Assim que chegou à rua respirou fundo. O que se passava consigo, perguntou. Algo lhe fazia pressentir que este não seria um estado temporário, mas sim algo permanente. Este raciocínio, apesar de pouco lógico, estava de acordo com tudo o que experienciara na última semana e sentiu-se de certa forma reconfortado por isso.
Consultou um médico, mas, tal como antevia, este nada tinha para lhe dizer.
Dirigiu-se de seguida a um psicólogo. Este disse-lhe, cuidadosamente, que talvez tivesse desperdiçado a sua vida, sendo essa a razão do seu incómodo. Esta condição – disse-lhe – era de fato muito mais comum do que se pensava, não sendo razão para desespero. Bastava seguir os seus sonhos, resolver os problemas que o atormentavam e tudo voltaria ao normal. Iria sentir-se aliás muito melhor do que anteriormente. Toda esta conversa era por demais surpreendente para Joaquim. Seria este psicólogo louco!? Como assim desperdiçar a vida? A sua vida era perfeita. Toda a gente o invejava – estava certo disso.
Saiu lentamente do consultório, pensando de tal forma fixamente no que acabara de ouvir, que quase não conseguia mexer os pés.

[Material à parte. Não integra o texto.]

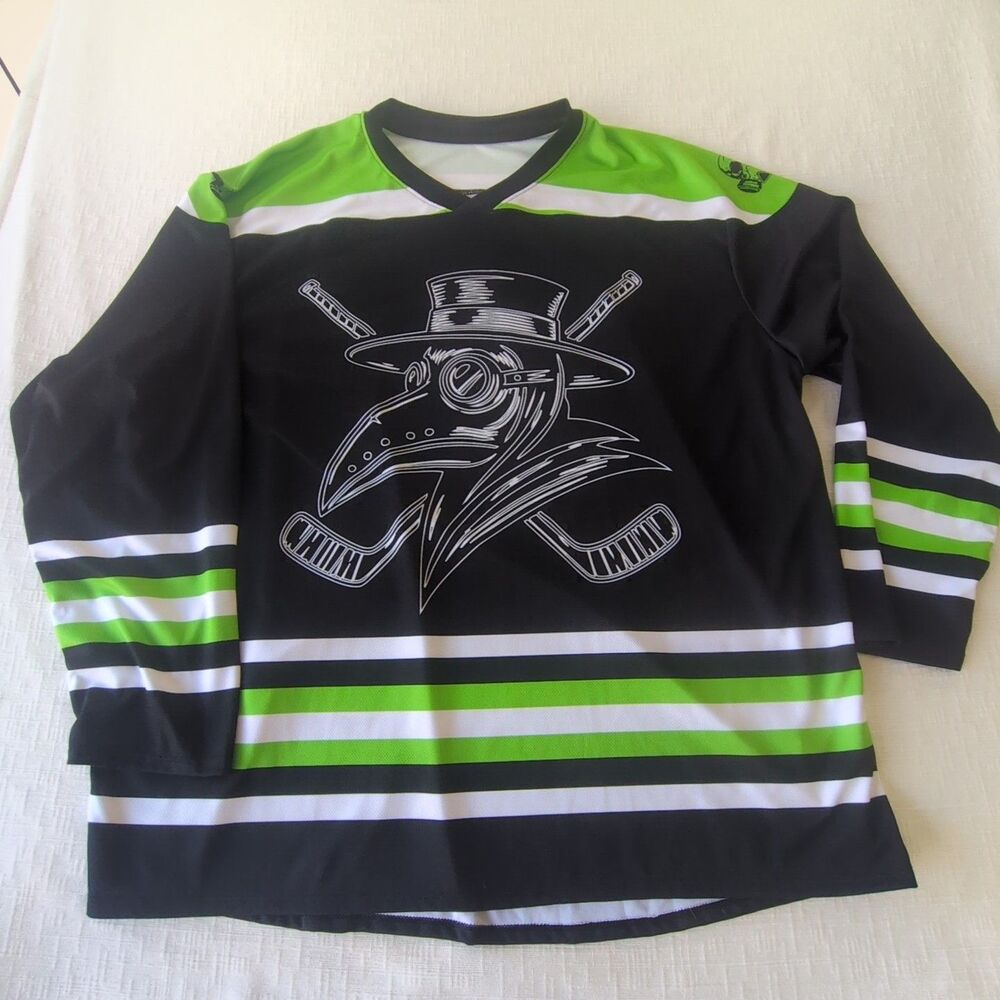 Doomsday Discs Recycled Hockey Jersey - Plague Doctor Men's 2XL Black and Green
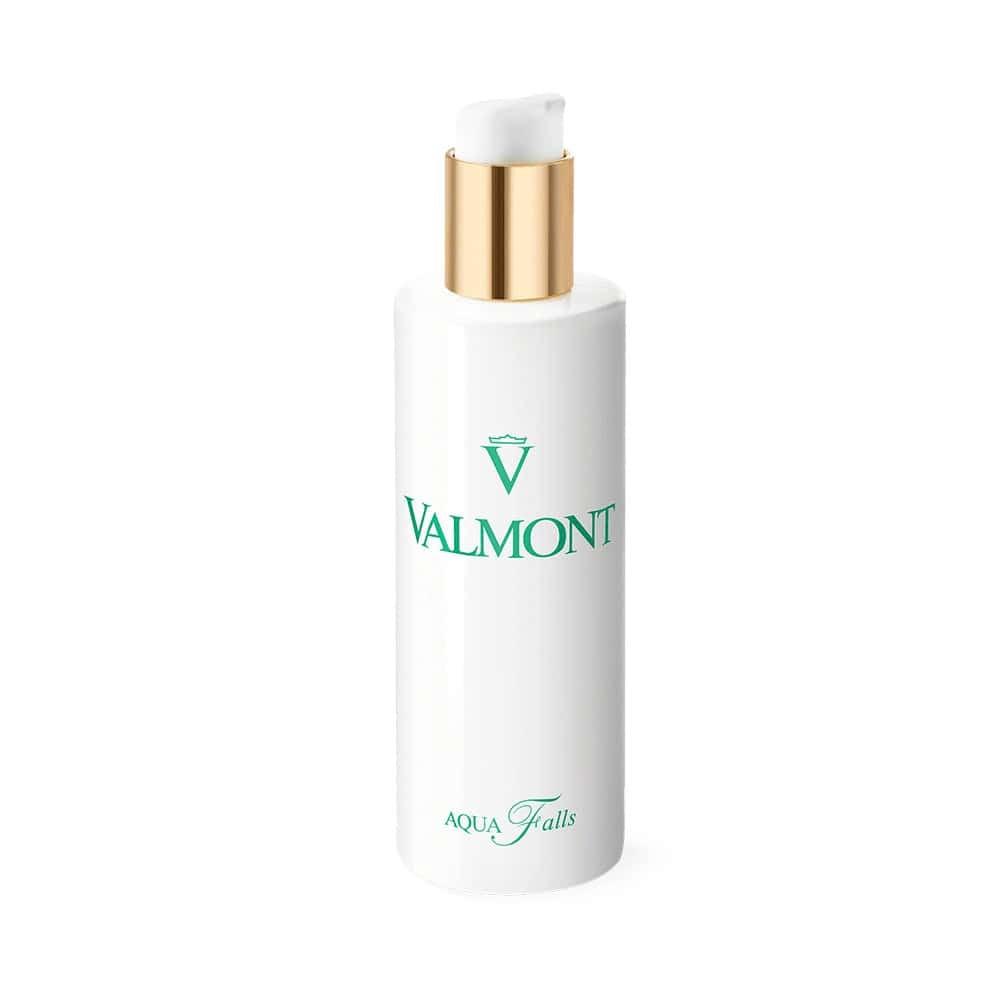 White cosmetic bottle with gold pump and teal-accent label, cylindrical shape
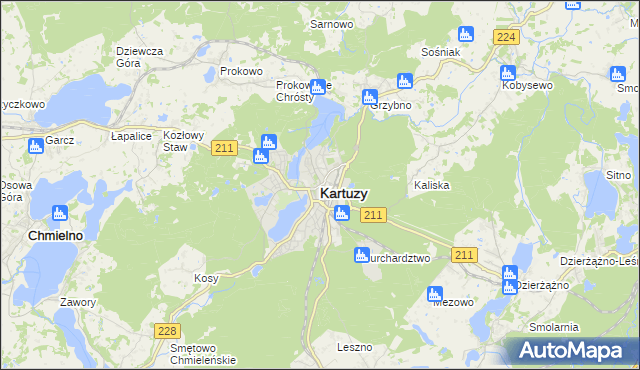 mapa Kartuzy, Kartuzy na mapie Targeo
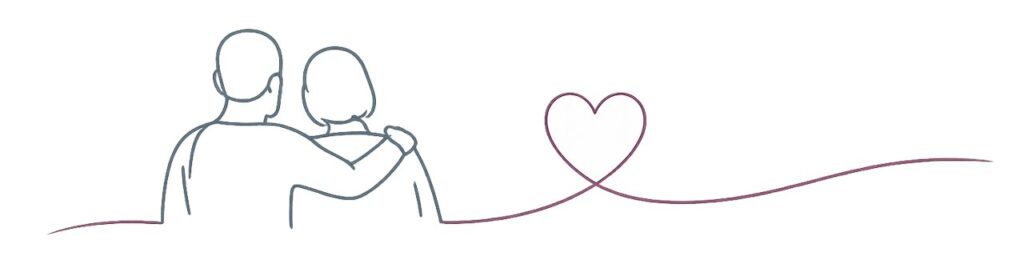 A line drawing of someone with their arm around another person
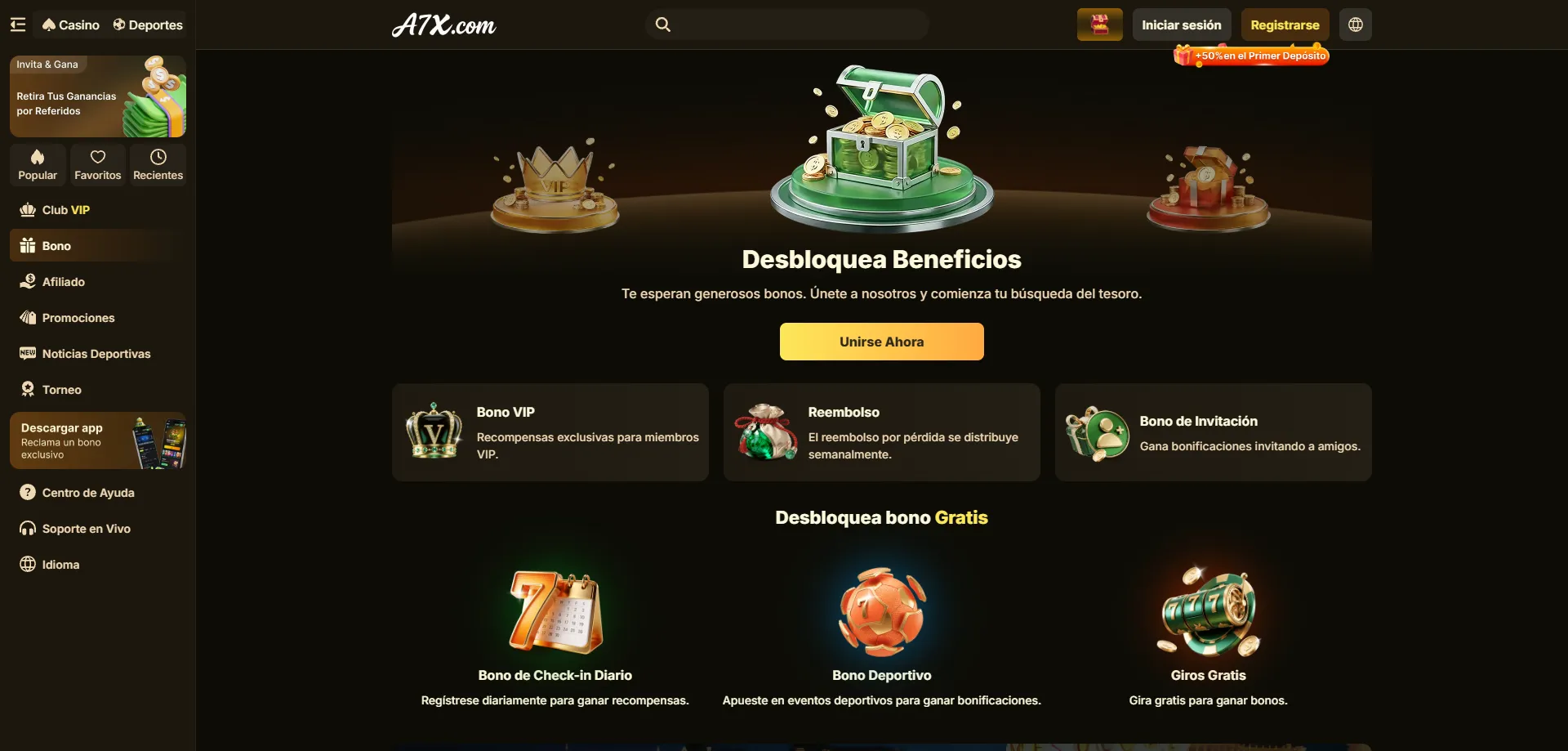 Bonos y promociones exclusivas de A7X Casino para México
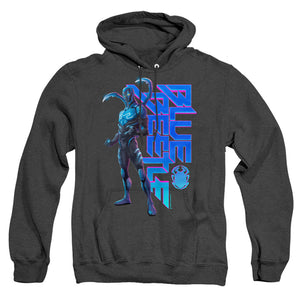 AN OFFCIALLY LICENSED BLUE BEETLE (2023) STANDING ADULT UNISEX HEATHER PULLOVER HOODIE BLACK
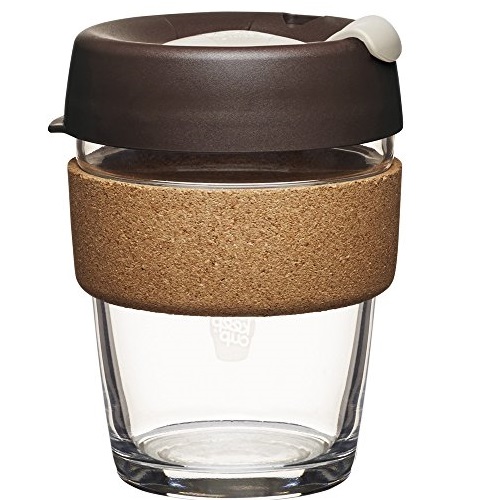 KeepCup 12oz Reusable Coffee Cup. Toughened Glass Cup & Natural Cork Band. 12-Ounce/Medium, Espresso, Only $14.99, You Save $11.01(42%)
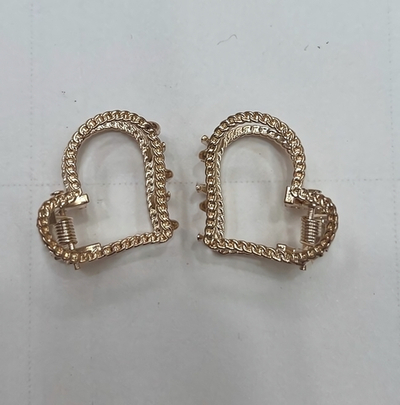 Заколка-краб для волос 2шт «AKS - DesignPRO», сердечки, цвет золото и хром, 2,8*2,5см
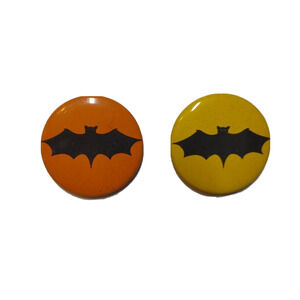 Batman Orange Yellow Pinback Button Badges 2 Original 1989 Licensed Official Bat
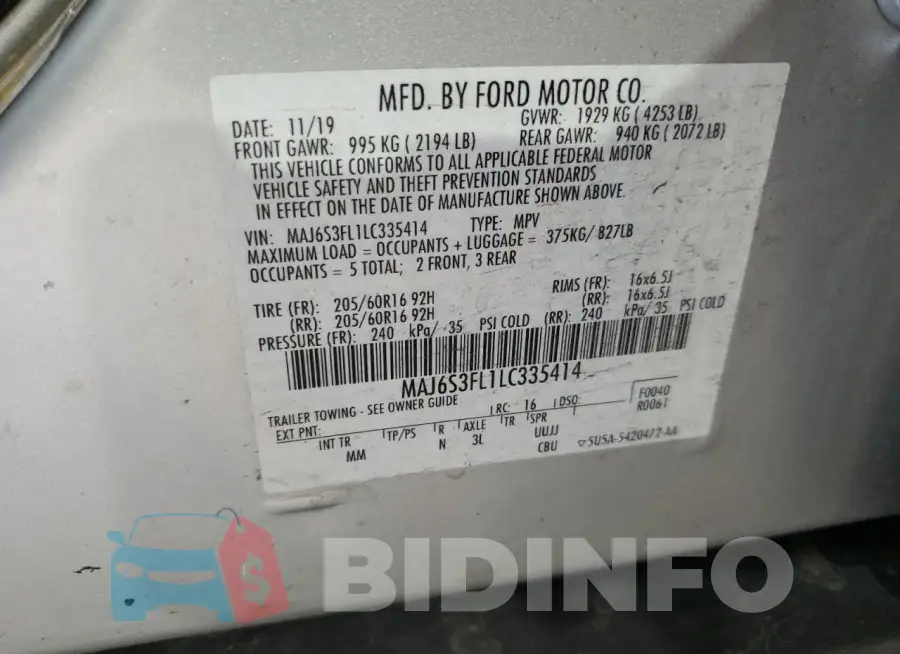 MAJ6S3FL1LC335414 Photo# 12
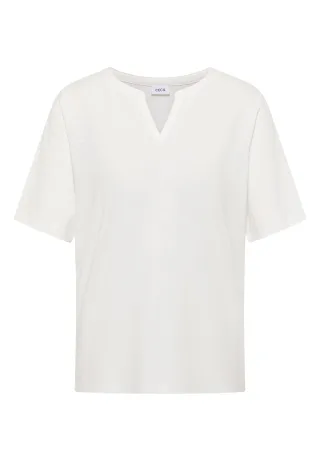 CECIL - T-Shirt mit Split Neck in Unifarbe vanilla white - Gr. - XL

Arrastava-os como um velho.
Durante mais uma semana foi incapaz de dormir ou comer. Sentia-se por vezes extremamente agitado e de seguida profundamente cansado; quase sempre nauseado, especialmente quando na presença de comida, que não conseguia de todo tolerar. Até mesmo a visão de outros a comer ser tornara excruciante.
Estava de tal modo esgotado que se julgava prestes a morrer. Os malares tornaram-se mais salientes, os olhos profundamente encovados, negros e doentes.
Só queria conseguir pensar racionalmente e tomar conta da sua vida. Fazer o que é suposto todas as pessoas fazerem e sentir-se contente por isso. É pura maldade fazerem-me isto, pensava.
Pediu dispensa do trabalho, pois era de todo impossível concentrar-se. A sua mulher começava agora a olhá-lo de soslaio e ninguém a poderia censurar. Joaquim perdera todo o desejo sexual; tinha um ar de louco e ninguém conseguia perceber a razão do seu comportamento. Estava certo de que injustamente o culpavam a ele – que nada podia fazer –, por tudo o que se passava…
O pior é que não sabia o que tinha de fazer para se sentir bem novamente. Se lhe dissessem – torna-te poeta que isso passa – tê-lo-ia feito. Mas não sabia de todo o que tinha de fazer. Pela primeira vez na sua vida, não sabia. Talvez fosse essa a origem do problema.
Tentou então pensar. Concentrar-se e pensar. O que deveria fazer? O que é que queria fazer?
Era demasiado difícil. Tudo estava perdido. O inferno é o inferno, porque não tem fim – e era assim que Joaquim se sentia, num inferno sem fim.
Poderia suicidar-se. Isso era uma opção. Era um propósito. Uma deliberação. Decidiu fazê-lo.
Comprou uma pistola e munições, foi para casa e sentou-se na poltrona do escritório. Carregou a arma. Respirava de forma acelerada. Colocou o cano na boca. Estava frio, gelado, e bateu-lhe involuntariamente nos dentes. A sua língua chegou-se à frente e sentiu o sabor a metal. Deixou-se então cair para trás, apoiando a nuca transpirada de encontro à poltrona de couro e descansou durante alguns minutos, tentando ganhar coragem. Quase que dormia, quando foi desperto pelo som familiar da porta da entrada que se abria. Logo de seguida, risadas. O que faria a Ana em casa a meio do dia. Pareceu-lhe reconhecer a outra voz, a de um homem, embora não o conseguisse identificar.
Levantou-se lentamente e aproximou-se da porta do escritório que estava encostada. Os risos continuavam, cada vez mais animados. Espreitou.
Um homem, baixo e careca, agarrava e despia Ana, que se afogueava em torno do seu curto pescoço. Era o cabrão do psicólogo.
Armou a pistola e apontou – não falharia.